[Short web captions]

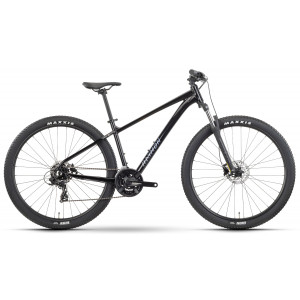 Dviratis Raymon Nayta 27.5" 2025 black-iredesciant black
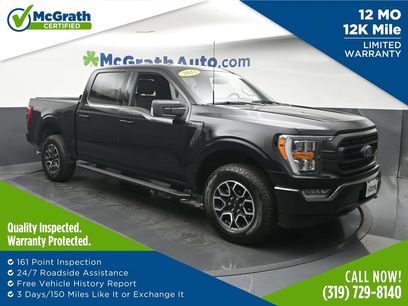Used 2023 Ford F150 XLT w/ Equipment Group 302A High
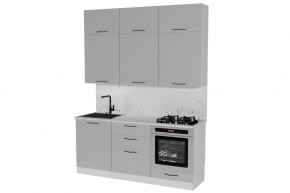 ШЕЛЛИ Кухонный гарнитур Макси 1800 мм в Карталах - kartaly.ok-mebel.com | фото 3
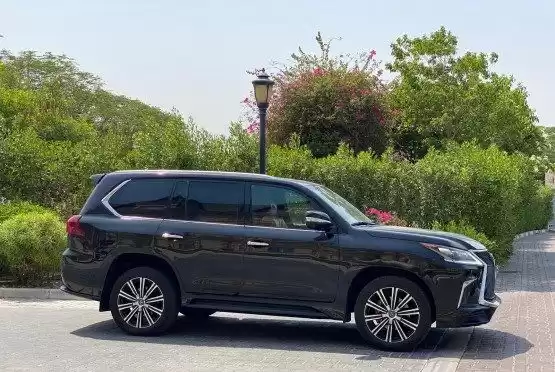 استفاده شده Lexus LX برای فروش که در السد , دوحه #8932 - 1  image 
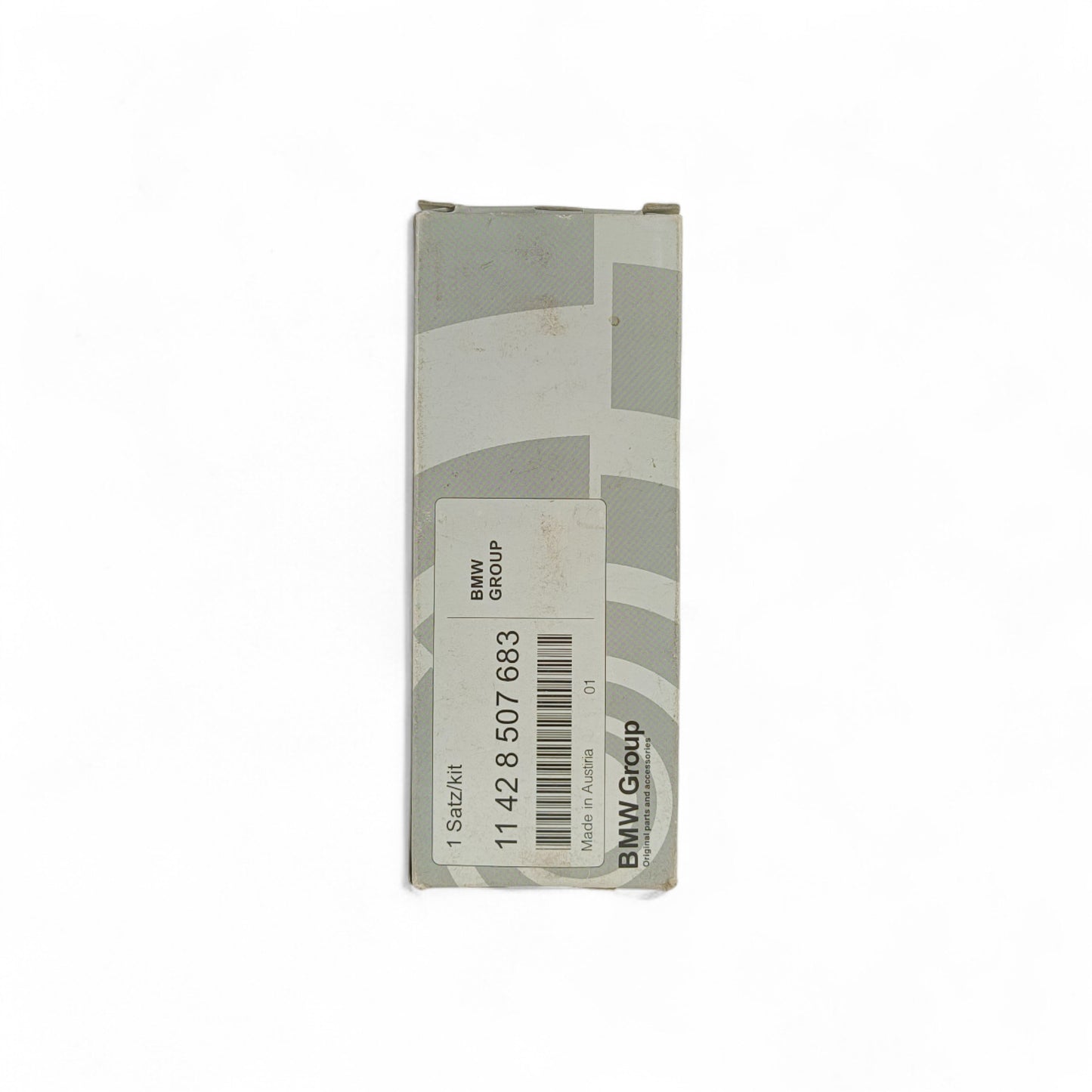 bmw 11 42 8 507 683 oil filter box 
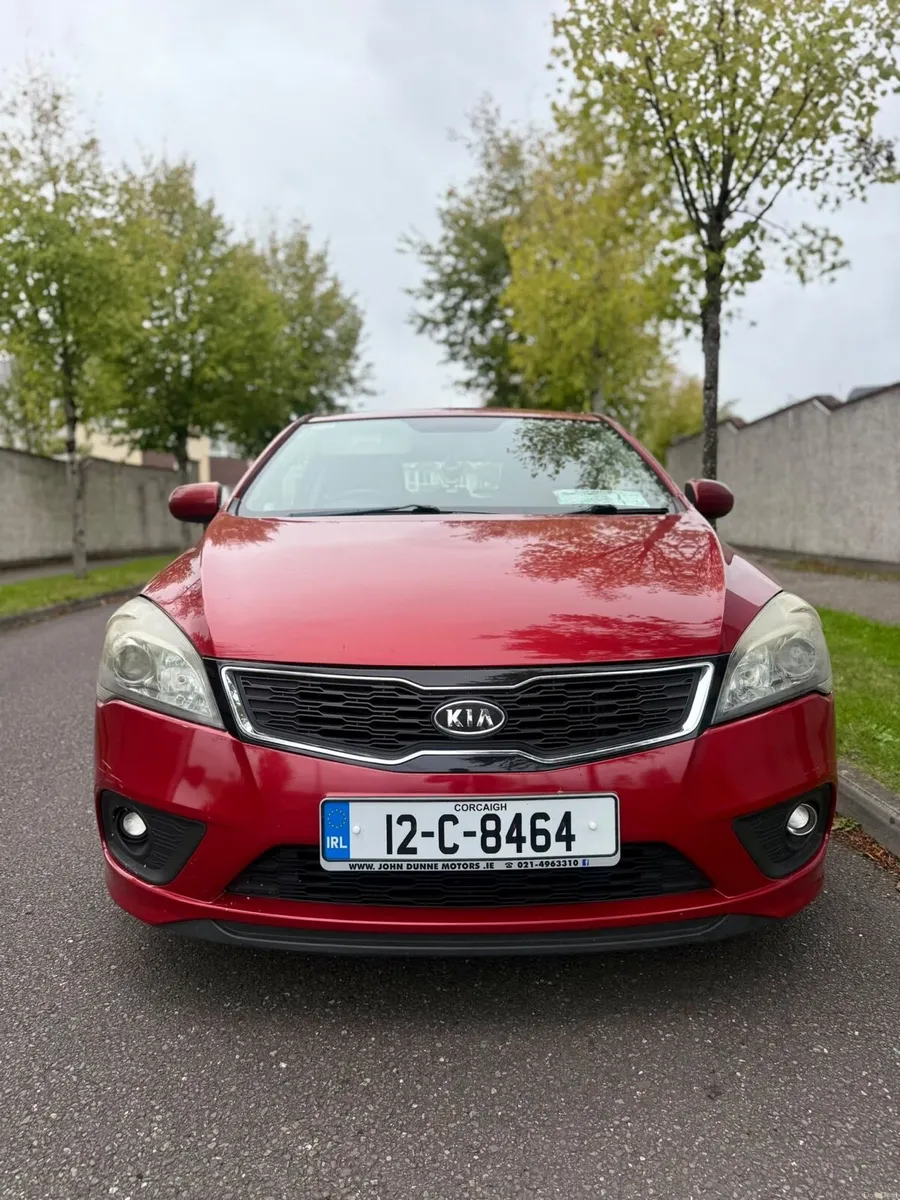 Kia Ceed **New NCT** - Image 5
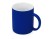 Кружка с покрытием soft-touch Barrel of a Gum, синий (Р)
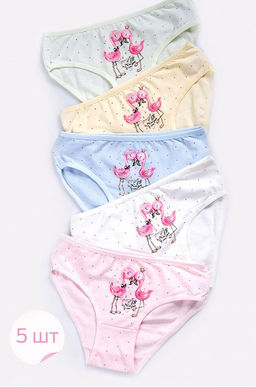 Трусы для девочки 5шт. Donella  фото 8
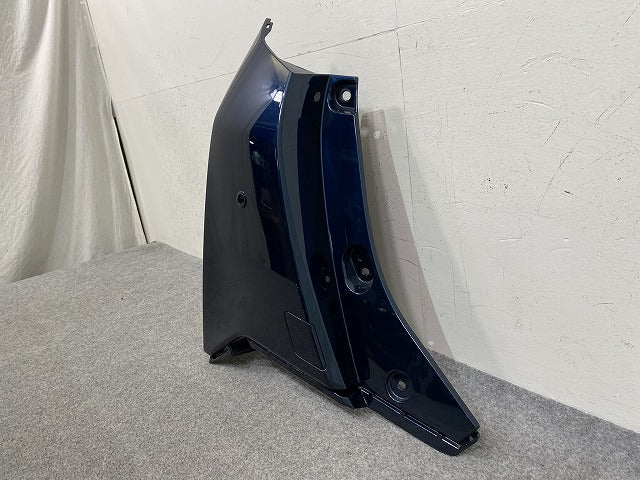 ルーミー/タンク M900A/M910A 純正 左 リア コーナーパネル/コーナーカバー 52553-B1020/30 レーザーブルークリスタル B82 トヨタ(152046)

_What is expected_
Copy out only the lines from the one containing "استفاده شده Lexus" to the end of the entries, unchanged. Drop the pictures.

_Result_
 استفاده شده Lexus LX برای فروش که در السد , دوحه #8932 - 1  image 
 bmw 11 42 8 507 683 oil filter box 
 Kia Ceed **New NCT** - Image 5
 Кружка с покрытием soft-touch Barrel of a Gum, синий (Р)
 Трусы для девочки 5шт. Donella  фото 8
 ルーミー/タンク M900A/M910A 純正 左 リア コーナーパネル/コーナーカバー 52553-B1020/30 レーザーブルークリスタル B82 トヨタ(152046)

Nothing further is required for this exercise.